Hand back each record exactly as you find it.
══ Task data ══
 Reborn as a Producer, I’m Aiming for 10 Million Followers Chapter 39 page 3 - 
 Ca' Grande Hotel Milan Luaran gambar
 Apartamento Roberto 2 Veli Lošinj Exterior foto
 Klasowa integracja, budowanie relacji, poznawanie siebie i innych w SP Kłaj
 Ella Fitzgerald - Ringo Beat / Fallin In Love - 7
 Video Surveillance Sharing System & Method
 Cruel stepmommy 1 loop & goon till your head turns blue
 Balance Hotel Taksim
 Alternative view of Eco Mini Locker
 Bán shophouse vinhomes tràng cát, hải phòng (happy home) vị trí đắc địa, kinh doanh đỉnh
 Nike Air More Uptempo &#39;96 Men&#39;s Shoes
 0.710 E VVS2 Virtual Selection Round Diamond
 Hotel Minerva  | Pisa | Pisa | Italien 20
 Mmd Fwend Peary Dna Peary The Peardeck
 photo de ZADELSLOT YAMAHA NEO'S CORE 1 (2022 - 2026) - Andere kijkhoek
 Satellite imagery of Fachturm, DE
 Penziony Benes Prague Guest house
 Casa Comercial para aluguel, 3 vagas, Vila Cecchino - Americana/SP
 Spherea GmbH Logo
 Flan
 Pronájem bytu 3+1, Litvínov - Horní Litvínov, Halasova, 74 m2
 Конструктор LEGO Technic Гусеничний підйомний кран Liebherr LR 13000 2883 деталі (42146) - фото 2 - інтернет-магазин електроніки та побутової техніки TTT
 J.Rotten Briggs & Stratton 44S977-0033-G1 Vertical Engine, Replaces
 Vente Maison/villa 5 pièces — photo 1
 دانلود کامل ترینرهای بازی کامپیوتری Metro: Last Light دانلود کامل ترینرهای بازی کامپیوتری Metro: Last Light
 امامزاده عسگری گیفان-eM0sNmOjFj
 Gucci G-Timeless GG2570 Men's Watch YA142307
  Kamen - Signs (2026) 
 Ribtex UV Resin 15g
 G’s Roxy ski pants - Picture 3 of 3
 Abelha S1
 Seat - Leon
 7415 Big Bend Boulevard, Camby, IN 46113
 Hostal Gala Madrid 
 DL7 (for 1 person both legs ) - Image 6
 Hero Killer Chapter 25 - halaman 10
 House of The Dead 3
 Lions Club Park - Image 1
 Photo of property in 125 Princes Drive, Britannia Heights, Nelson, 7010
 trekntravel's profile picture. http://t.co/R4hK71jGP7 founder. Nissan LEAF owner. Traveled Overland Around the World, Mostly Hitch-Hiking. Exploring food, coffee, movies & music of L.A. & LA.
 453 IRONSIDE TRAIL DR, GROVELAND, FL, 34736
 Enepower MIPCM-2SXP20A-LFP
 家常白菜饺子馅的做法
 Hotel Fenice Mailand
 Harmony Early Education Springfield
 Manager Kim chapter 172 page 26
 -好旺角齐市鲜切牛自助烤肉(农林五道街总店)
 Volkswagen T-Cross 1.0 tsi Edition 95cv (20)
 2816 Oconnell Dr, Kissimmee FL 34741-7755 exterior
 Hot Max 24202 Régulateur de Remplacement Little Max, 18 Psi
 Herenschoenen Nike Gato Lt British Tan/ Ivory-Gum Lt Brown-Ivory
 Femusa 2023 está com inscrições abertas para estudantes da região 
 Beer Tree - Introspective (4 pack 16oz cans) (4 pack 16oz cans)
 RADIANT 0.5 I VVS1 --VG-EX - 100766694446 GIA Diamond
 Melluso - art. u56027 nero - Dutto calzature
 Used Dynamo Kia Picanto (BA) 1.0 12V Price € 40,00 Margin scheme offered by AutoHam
═══
### Answer
 Reborn as a Producer, I’m Aiming for 10 Million Followers Chapter 39 page 3 - 
 Ca' Grande Hotel Milan Luaran gambar
 Apartamento Roberto 2 Veli Lošinj Exterior foto
 Klasowa integracja, budowanie relacji, poznawanie siebie i innych w SP Kłaj
 Ella Fitzgerald - Ringo Beat / Fallin In Love - 7
 Video Surveillance Sharing System & Method
 Cruel stepmommy 1 loop & goon till your head turns blue
 Balance Hotel Taksim
 Alternative view of Eco Mini Locker
 Bán shophouse vinhomes tràng cát, hải phòng (happy home) vị trí đắc địa, kinh doanh đỉnh
 Nike Air More Uptempo &#39;96 Men&#39;s Shoes
 0.710 E VVS2 Virtual Selection Round Diamond
 Hotel Minerva  | Pisa | Pisa | Italien 20
 Mmd Fwend Peary Dna Peary The Peardeck
 photo de ZADELSLOT YAMAHA NEO'S CORE 1 (2022 - 2026) - Andere kijkhoek
 Satellite imagery of Fachturm, DE
 Penziony Benes Prague Guest house
 Casa Comercial para aluguel, 3 vagas, Vila Cecchino - Americana/SP
 Spherea GmbH Logo
 Flan
 Pronájem bytu 3+1, Litvínov - Horní Litvínov, Halasova, 74 m2
 Конструктор LEGO Technic Гусеничний підйомний кран Liebherr LR 13000 2883 деталі (42146) - фото 2 - інтернет-магазин електроніки та побутової техніки TTT
 J.Rotten Briggs & Stratton 44S977-0033-G1 Vertical Engine, Replaces
 Vente Maison/villa 5 pièces — photo 1
 دانلود کامل ترینرهای بازی کامپیوتری Metro: Last Light دانلود کامل ترینرهای بازی کامپیوتری Metro: Last Light
 امامزاده عسگری گیفان-eM0sNmOjFj
 Gucci G-Timeless GG2570 Men's Watch YA142307
  Kamen - Signs (2026) 
 Ribtex UV Resin 15g
 G’s Roxy ski pants - Picture 3 of 3
 Abelha S1
 Seat - Leon
 7415 Big Bend Boulevard, Camby, IN 46113
 Hostal Gala Madrid 
 DL7 (for 1 person both legs ) - Image 6
 Hero Killer Chapter 25 - halaman 10
 House of The Dead 3
 Lions Club Park - Image 1
 Photo of property in 125 Princes Drive, Britannia Heights, Nelson, 7010
 trekntravel's profile picture. http://t.co/R4hK71jGP7 founder. Nissan LEAF owner. Traveled Overland Around the World, Mostly Hitch-Hiking. Exploring food, coffee, movies & music of L.A. & LA.
 453 IRONSIDE TRAIL DR, GROVELAND, FL, 34736
 Enepower MIPCM-2SXP20A-LFP
 家常白菜饺子馅的做法
 Hotel Fenice Mailand
 Harmony Early Education Springfield
 Manager Kim chapter 172 page 26
 -好旺角齐市鲜切牛自助烤肉(农林五道街总店)
 Volkswagen T-Cross 1.0 tsi Edition 95cv (20)
 2816 Oconnell Dr, Kissimmee FL 34741-7755 exterior
 Hot Max 24202 Régulateur de Remplacement Little Max, 18 Psi
 Herenschoenen Nike Gato Lt British Tan/ Ivory-Gum Lt Brown-Ivory
 Femusa 2023 está com inscrições abertas para estudantes da região 
 Beer Tree - Introspective (4 pack 16oz cans) (4 pack 16oz cans)
 RADIANT 0.5 I VVS1 --VG-EX - 100766694446 GIA Diamond
 Melluso - art. u56027 nero - Dutto calzature
 Used Dynamo Kia Picanto (BA) 1.0 12V Price € 40,00 Margin scheme offered by AutoHam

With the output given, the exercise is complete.